Over his tenure, the cancer institute grew to more than 30 physicians and 450 staff members across five campuses in the Upstate. It has earned more than $30 million in research and grant funding and has raised another $15 million from community support.

The institute in 2014 became one of 32 institutions designated by the National Cancer Institute as an NCI Community Oncology Research Program, which it was awarded again in 2020. The institute expanded from clinical trials to laboratory-based cancer research and has evolved into a sophisticated program with a team that now can bring therapies out of a lab and into initial clinical trials.

“We participate with more than 50 biotech and universities worldwide where we bring these to Greenville and make them available to appropriate patients,” Gluck said. “These are all FDA approved trials.”

The institute wanted to provide research options and clinical trials to cancer patients in South Carolina so they wouldn’t have to travel to Duke or Vanderbilt universities for similar programs, Gluck said. It now serves cancer patients for clinical trials from all over the world.

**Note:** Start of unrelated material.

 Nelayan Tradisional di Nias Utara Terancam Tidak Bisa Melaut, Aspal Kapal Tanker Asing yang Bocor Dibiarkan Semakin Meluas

The institute has now participated in 18 first-in-human clinical trials and more than 1,000 clinical trials in coordination with other university and bio-tech researchers.

“Greenville has been able to move science forward,” Gluck said.

When Greenville’s Lisa Smith contracted a rare form of cancer called adnoid cyctic carcinoma in 2016, doctors at Duke University told her they had exhausted treatment options and sent her home with an expectation she would have six months to live.

A church connection led Smith to the cancer institute in Greenville where she became the first participant in a new clinical trial.

“She had 119 metastatic tumors in her lungs,” said her husband, Mark Smith. “In a matter of four months she was down to one.”

Over the next six years, Gluck and others at the institute continued to monitor Smith’s cancer. When it began to attack again and a previous therapy stopped working, they tried a new one. In all, she participated in eight or nine clinical trials before she died in October 2022.

The Smiths knew from the start her cancer would be terminal. They never expected to have seven more years together, and Mark Smith credited the doctors at the cancer institute with their prolonged years together.

“Dr. Gluck, he just played a vital role in it. He put together a team that always put my wife first,” Mark Smith said. “It’s the research facility but they always put the patient first.”

Mark O’Halla, president and CEO of Prisma Health, called Gluck a visionary in the field of cancer treatment and prevention and a hero to thousands of patients and families of those he cared for over his career.

“We will miss him personally, but his presence will be felt for decades to come through the system of premier cancer care that he spent his career assembling,” O’Halla said.

Gluck said he plans to continue teaching at the University of South Carolina School of Medicine Greenville and will continue his research work, including with a long-term project called Prevent Cancer-Greenville that studies the links between patient lifestyle and cancer development.

Join now to enjoy expanded member benefits!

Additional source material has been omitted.